“Nothing is more revealing than movement.” – Martha Graham
I’m starting to believe more and more in kismet, though I guess a person with outstanding rhetorical skills could convince me kismet is nothing more than a series of coincidences. I’ve been craving a night of dancing for months. I’ve been re-visiting my favorite techno albums a lot lately (can I still use the world “album?” All my music is on my IPod, yet I hadn’t listened to techno/DJ music in a while), and my IPod has been frozen on Madonna’s “Confessions Tour Live” for the past 2 weeks. Last night, without any premeditation, a night of dancing presented itself to me. Dinner on the Upper West Side turned into drinks in Hell’s Kitchen, in a bar I used to spend a lot of time in, back when I went out (with the boys) every weekend. At a time usually considered the end of night (and a late one at that), we (me and the boys, though a different variation) strolled over to the Ritz Bar, which we chose for its proximity and the lack of cover charge. We walked in and, while waiting for drinks, heard an excellent re-mix of Madonna’s “Deeper & Deeper,” an underappreciated song and one of my favorites. Drinks in hand, we ventured into the back, to the dance space. I felt like a kid again; actually, I felt like the 26 year-old version of me. As I crossed the threshold, I banged into the wall of heat, and I paused. It felt like a subway platform in August; the smoke machine and tons of twisting, sweaty bodies only added to the visceral memories coursing through my body. I wondered: is this what I wanted? Am I still this person, the one who loves dancing among a bevy of boys, enough to ignore the intense heat and the smaller-than-my-comfort-zone-usually-allows space? I stepped into the dance space—yes, I am.

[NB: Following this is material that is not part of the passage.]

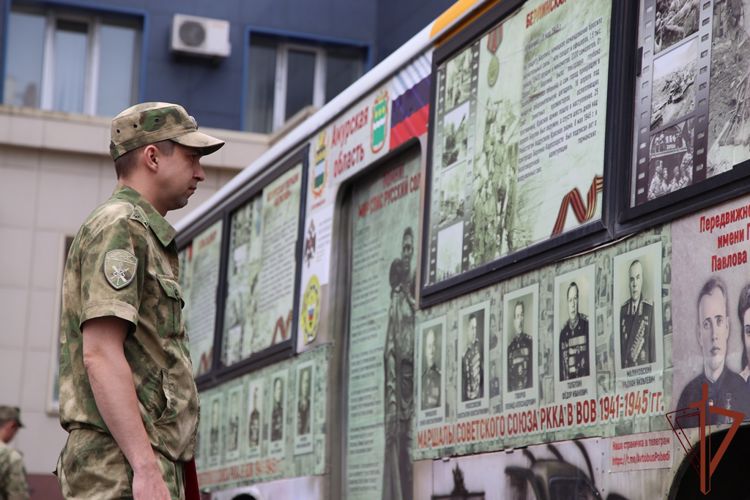 «Автобус Победы» встретили росгвардейцы в Челябинске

I stripped down to my tank top (fortuitous wardrobe choice), we found our corner and 2 hours of dancing began. Great DJ—he mixed it up a bit, with Madonna, Lady GaGa, a short, fun 80s set (including a giddy re-mix of Bon Jovi’s “Living on a Prayer” which, it turns out, we remembered every word to!), a fantastic dance mix of Tina Turner’s “Rolling on a River,” a small but potent paean to disco, and other songs I can’t remember. It took me a few songs to find my groove—I can’t remember the last time I went dancing, in a bar or club, sweating and smiling. Within 15 minutes, though, it was as if no time at all had passed; I was sharing smiles with the same dance partner from my 20s. A good DJ doesn’t just tumble into the next song—he/she presents a journey, and guessing where that path will lead is half the fun, for me. The DJ’s transitions were very good, and I quickly forgot (or my body adjusted to) the heat in the room. I looked around the room and felt the same satisfaction, the same comfort, I’ve always felt while dancing in gay (male) bars and clubs. Personal space is respected. Everyone knows how to dance (nothing worse than trying to dance among people who cannot—it can be painful to watch). The fun is palpable—despite the heat, there is a lightness in the air, a zest for life. And, of course, no one is looking at me, except my friends. My skin sweats and my hair frizzes, but my body delights nonetheless, and not an iota of insecurity weighs me down—I am in complete alignment with body and soul. It’s like being invisible, in the best way, yet at the same time, I am at peace with myself. As Martha Graham so eloquently stated: “We look at the dance to impart the sensation of living in an affirmation of life, to energize [. . .] into keener awareness of the vigor, the mystery, the humor, the variety, and the wonder of life.”